When you have a degree of urgency with any issue, consider whether it can wait until the next planned conversation with the builder or whether you should contact the builder immediately; try to resist pointing out items the builder will address in the normal sequence of construction. If you are in doubt about how urgent your concern is, contact the builder. Also always put it in writing to reduce the possibility of miscommunication and keep a copy for your records.
Checklist for Getting Started
- Determine what you can afford — Update your financial situation and research what you can borrow. Understand construction draws.
- Review your housing needs — Create a wish list or scrapbook of ideas, requirements and people you want to be involved in the process.
- Working with a Designer/Architect — If you need to have a building plan drawn or an existing plan revised, select your designer according to the detail, quality. A good designer can visualize your building needs and transfer them into a workable plan that will require fewer changes.
- Develop a Building Plan and Specifications — Your final plan and specifications should reflect what you can afford and should incorporate your scrapbook ideas along with the designer’s creativity.
- Building Programs — A little research will reveal many valuable building related programs that can save money. Check with your builder to see if the programs will work for you.

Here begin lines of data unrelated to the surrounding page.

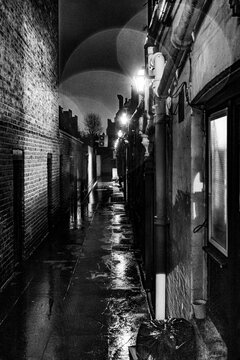 rainy alley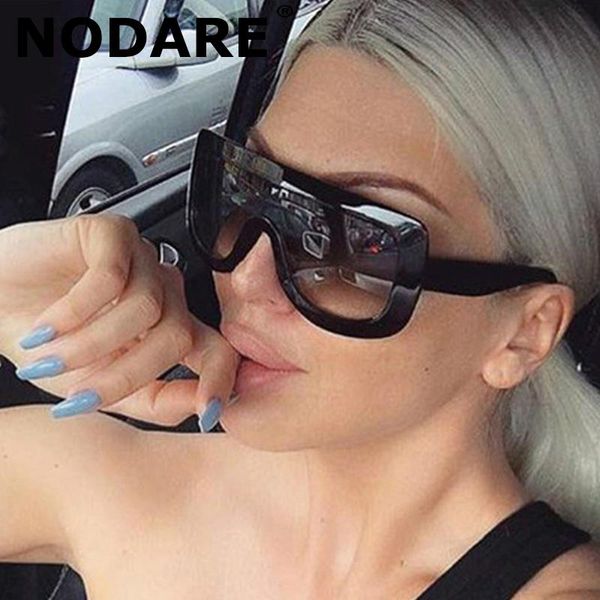 oversized retro sunglasses women 2021 fashion flat black lens one piece ladies gafas shade mirror uv400, White;black
oversized retro sunglasses women 2021 fashion flat black lens one piece ladies gafas shade mirror uv400, White;black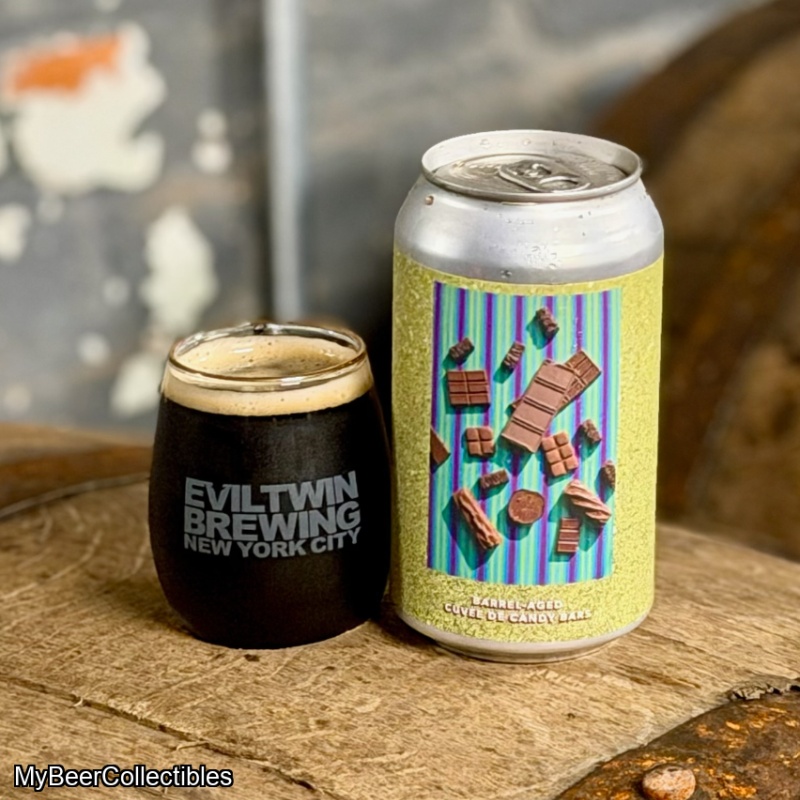 4 Pack ETNYC BARREL-AGED CUVÉE DE CANDY BARS (13%) 27 months in Maple Syrup – Thai Banana chocolate coconut marshmallow vanilla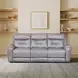 Point Break Graystone 90" Triple Power Reclining Sofa with USB Charging and Pillow Top Arm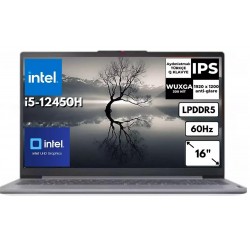 Lenovoo IdeaPad Slim 3 83ES0033TR i5-12450H 8GB5 512 GB SSD 16" WUXGA (1920x1200) FreeDOS Notebook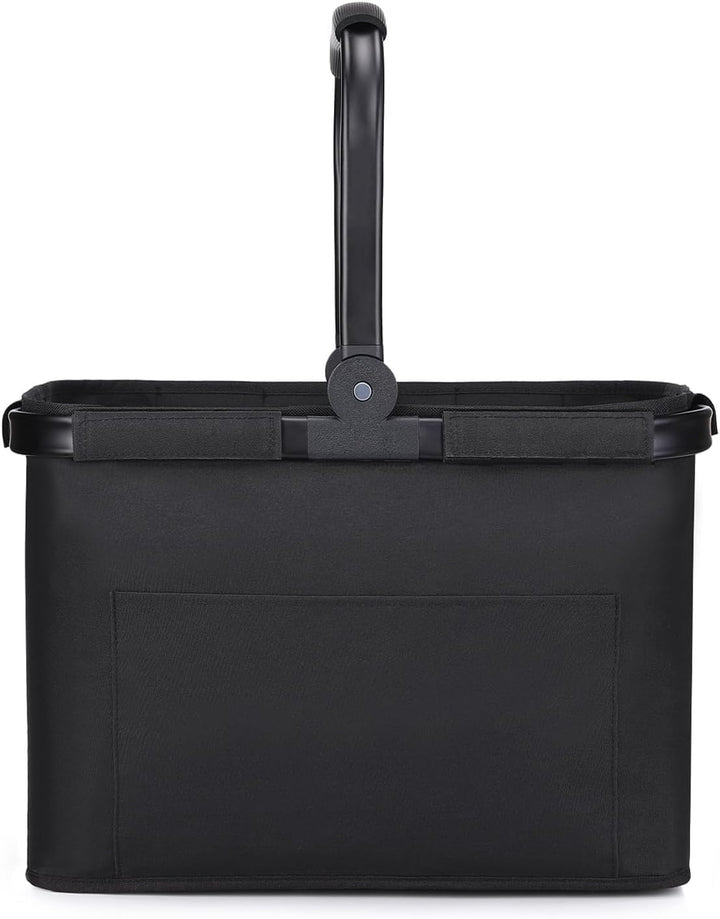Diurwur® 30L Einkaufskorb Familie Einkaufstasche Faltbar Tragekorb Gross Picknickkorb Klappkorb Prak
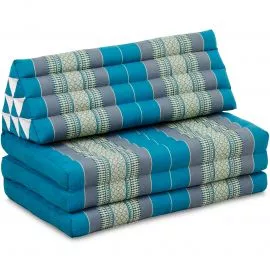 Kapok Thaikissen XXL breit (Hellblau)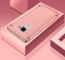 Vaku ® Samsung Galaxy A8 Plus Ling Series Ultra-thin Metal Electroplating Splicing PC Back Cover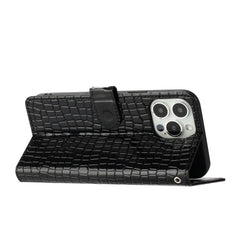 Crocodile Texture Horizontal Flip Leather Phone Case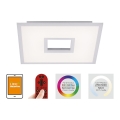 Leuchten Direkt 11645-16 - LED RGB Stmievateľné stropné svietidlo RECESS LED/22,5W/230V + LED/5W + diaľkové ovládanie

- Choosing a Building Site — With the help of a construction professional, select a lot that meets your financial and building requirements.
- Selecting a Builder — Your final choice should be someone that you can trust, depend on and get along with. His or her opinions, knowledge and leadership will be invaluable throughout the rest of the home building process. Contact your local Home Builders Association for instructions on how to choose a builder but most importantly, how to protect yourself and the investment in your new home.
- Determine the Building Method — Choose whether you are interested in a stick built, manufactured, modular, component/panelized, or insulated concrete form home.
Finalizing Your Planning
Building Cost Estimates — If you are comparing bids make sure they are “apples to apples.” When bids include allowances, check to see if they are adequate. Then you are ready for a good contract that will protect the interests of both the builder and the home owner.
- Occupancy — There is a great deal of satisfaction and excitement when you move into a new home; however, be sure to relate imperfections in writing to avoid them becoming your responsibility.